One of the challenges that any gardener faces is deciding when to plant seeds in the new year. Here in the San Francisco Bay Area, and in particular the peninsula, we are very fortunate to have extremely moderate weather and so it means that we can start the planting season very early. But how early?
The one danger that we face is that we can get frost in February. Frost is particularly damaging for certain types of seedlings, and so it’s important to consider. In fact early last year we had about a full week of evening frost. I remember this vividly because I had potatoes that were about to go to maturity and so I was out there every night covering them, and out there every morning uncovering them. I know that people’s memory of weather can be unreliable and so it got me wondering if there was good historical data out there. It turns out that there is.

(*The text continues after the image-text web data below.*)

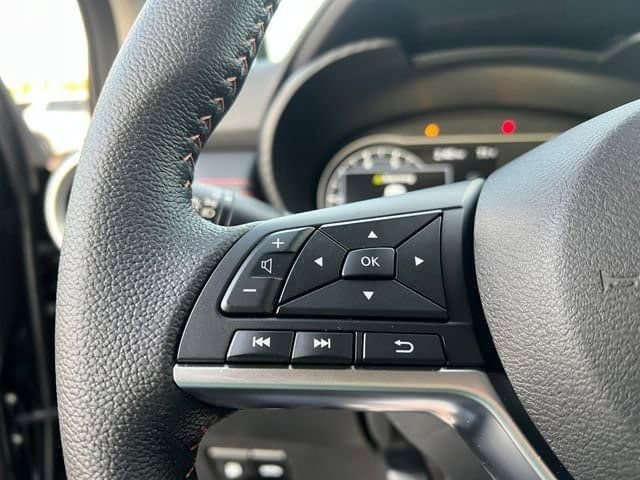 New 2025 Nissan Versa SR w/ Trunk Package image 34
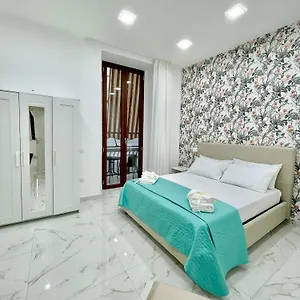 Virgy House Bed & Breakfast Napoli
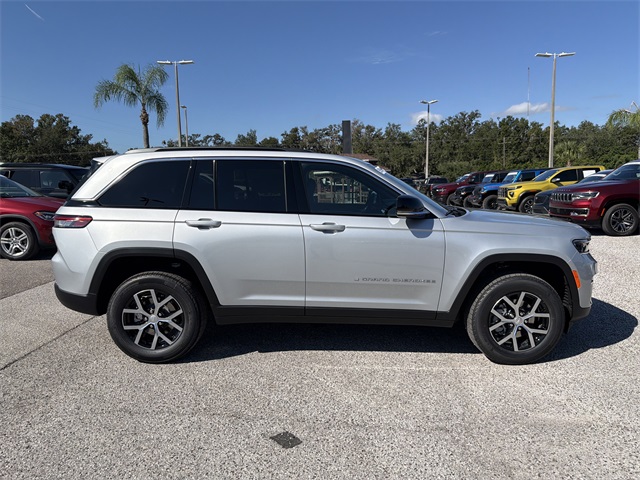 2025 Jeep Grand Cherokee Limited photo 2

A few years ago I really got into analyzing weather data. I discovered a UC website that had free, rich, downloadable set of climate data for various spots in California. And with the help of Excel I did a lot of analysis on it. At the time I was just doing it for fun but now as a gardener I can look back at the analysis that I did and pull out some very important information.
Here is a chart of climate data from the year 2000 to the year 2010 for the San Francisco Airport and a spot in Redwood City. The red dots show the high temperature for the day and the blue dots show the low temperature for the day. The green dots are precipitation. For the purposes of deciding when it’s safe to plant, let’s focus on the blue dots.
Although technically 32 degrees Fahrenheit is freezing temperature, I personally start to get concerned when the temperature is below 34F. And so I have drawn a blue dotted line showing approximately where 34F it’s. And you can see that from around the middle of February onwards, the nighttime temperatures in this 10-year period have never dipped below 34F. So this gives me a fair amount of confidence with respect to going and putting seeds or seedlings in the ground.
I would say that mid February is a fairly safe guideline overall. Granted, it depends on what you’re planting, but I feel comfortable that I can plant from now going forward and I won’t have frost problems. Keep in mind that some vegetables need much higher temperatures than 32F in order to work, but the point here is that frost creates special problems for many food crops.
One might reasonably ask what happened to the data from 2011 to 2014. The problem I ran into is that the University of California website stopped published the data I was using. Fortunately somebody at the UC extension office was able to refer me to a data source from Utah State University which for some reason has California climate data. (Thank God.) And so if I wanted to I could work that data into my spreadsheet and update my chart.
In any case I just downloaded fresh data and did a quick spot check of weather data from 2011 to present. What I found is that in 2011 there was a late frost from 2/26 to 2/28. And in 2013 there was one night of frost on 2/20. To find the previous late February frost, I have to go back to 1996, and before that, 1990. So while historically there is a *chance* of frost in late February, it’s rare.
The key point I want to communicate here, besides mid-February being a safe time to start planting, is that there is wonderful free data available, if you know where to look, and we can learn a lot from it.